エリート医師のイジワルな溺甘療法
メニュー考えていたらお腹が空いてきちゃった。それもそのはず、もうお昼なのだ。
受付近くにあるテレビは、お昼のニュースを流し始めていた。
「瀬川さーん」
「あ、はいっ」
ようやく呼ばれてホッとしつつ立ち上がると、看護師ではなくレントゲン技師が私を待っていた。
先にレントゲンを撮るよう先生に指示されたそうで、撮った後はそのまま中待合室で待つことにする。
診察室の『医師 安西雄介』と書かれたプレートを見たら、急に緊張してきた。
昨夜先生は、おそらく大丈夫と言っていたけれど、心なしか足首に痛みがあるように感じる。

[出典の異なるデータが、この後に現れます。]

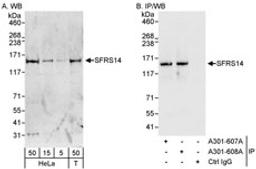 Detection of human SFRS14 by western blot and immunoprecipitation.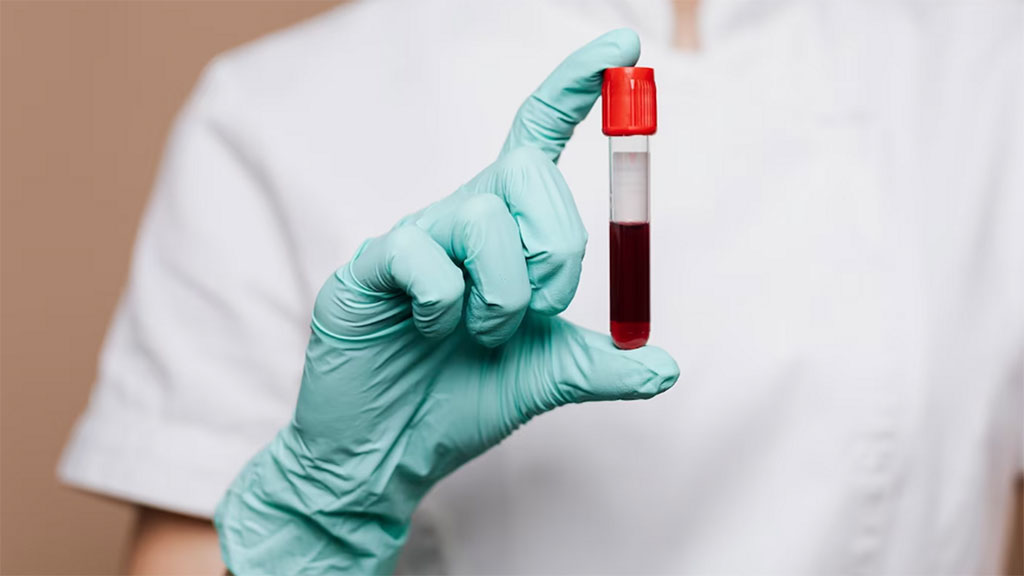 Imagen: Los científicos han identificado tumores cerebrales usando muestras de sangre (Fotografía cortesía de Freepik)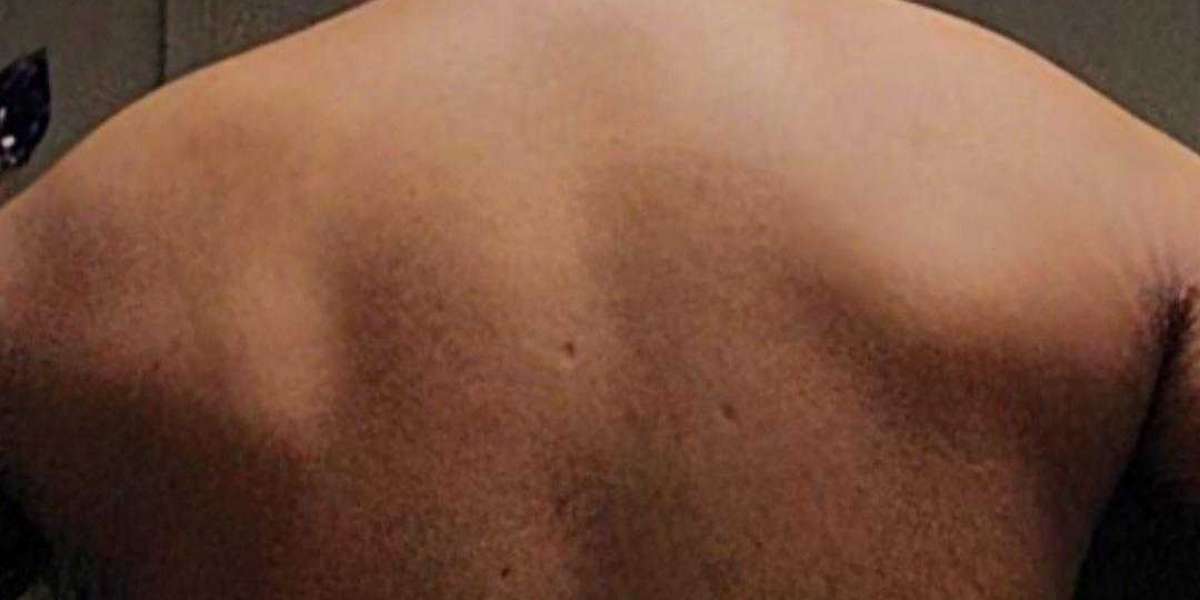 How to Fix Uneven Shoulders: Effective Exercises and Tips for Better Posture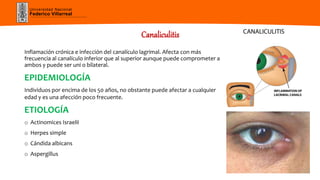 Universidad Nacional
Federico Villarreal
Canaliculitis
Inflamación crónica e infección del canalículo lagrimal. Afecta con más
frecuencia al canalículo inferior que al superior aunque puede comprometer a
ambos y puede ser uni o bilateral.
EPIDEMIOLOGÍA
Individuos por encima de los 50 años, no obstante puede afectar a cualquier
edad y es una afección poco frecuente.
ETIOLOGÍA
o Actinomices Israelii
o Herpes simple
o Cándida albicans
o Aspergillus
 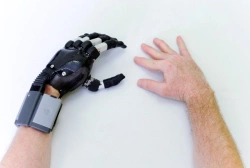 Hand prosthesis with microprocessor control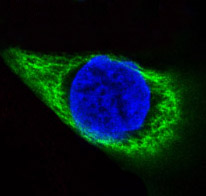 Immunofluorescent analysis of HACAT cells, using Cytokeratin 14 Antibody.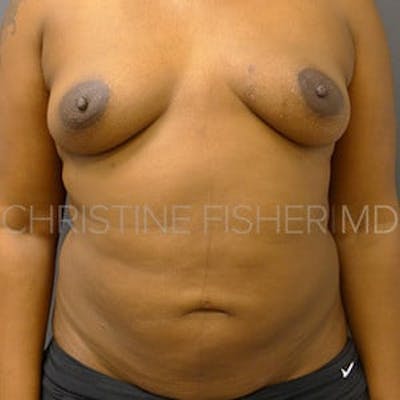 Implant Breast Reconstruction Before & After Gallery - Patient 205172 - Image 1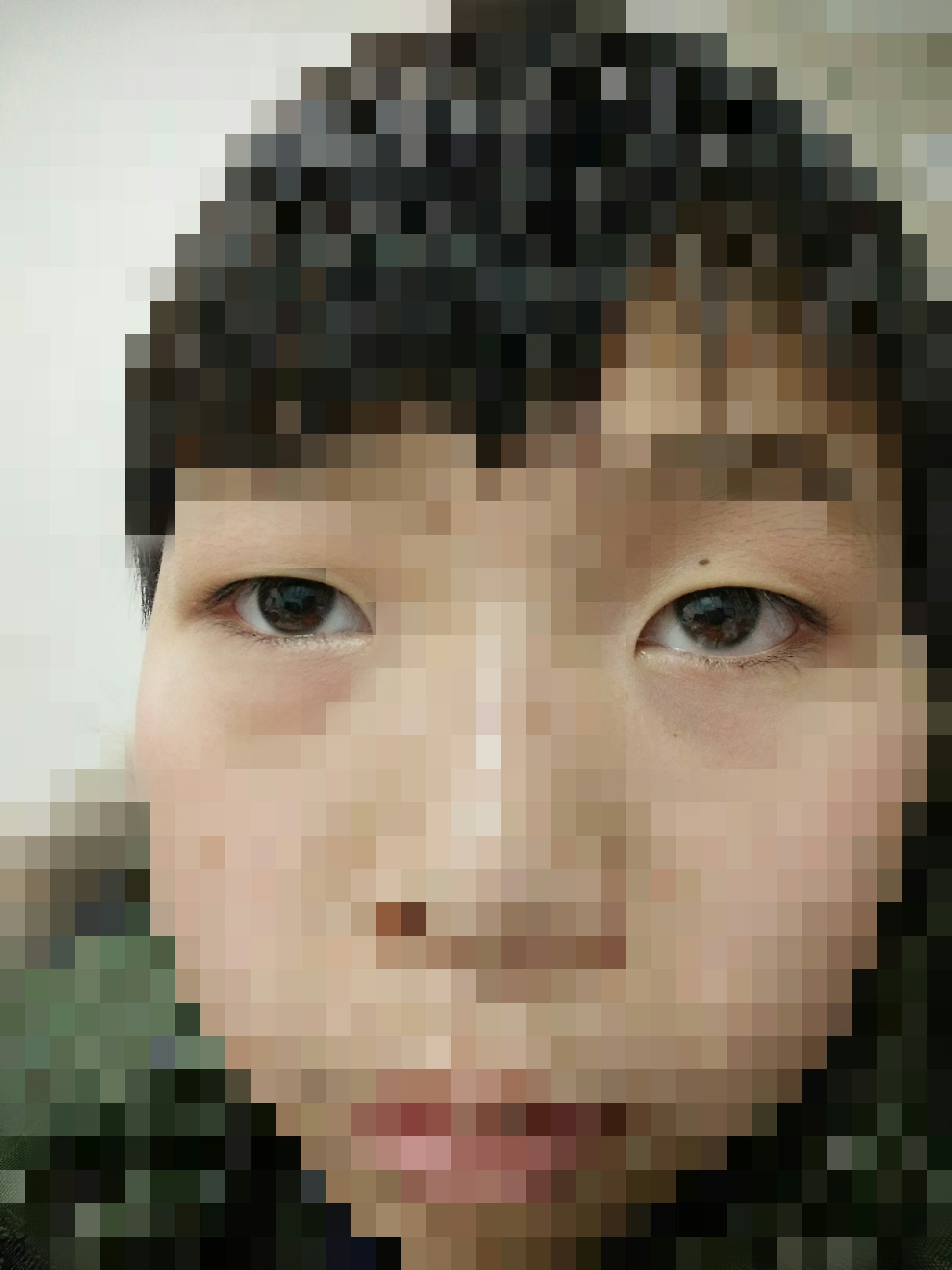 眼眶静脉性血管瘤. - 好大夫在线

骨が痛いのか、違う部分が痛いのか、よく分からない。気のせいだといいんだけれど。
『俺が警察に連れて行く』
もしもひびが入っていたら、忙しい先生にも迷惑をかけてしまう。
仕事も完全復帰が遅れて、マホガニーの皆に負担をかけてしまう。
やだやだ、どうして私ばかりがこんな目に合うの?
そわそわどきどきしながら待っていると、診察室の中から女性の笑い声が聞こえてきた。
『やぁん、先生ったらぁ。じゃぁ、また来まぁす』
とろとろに甘えるような口調がはっきり聞こえた後、カーテンがふわりと揺れて女の子が出てきた。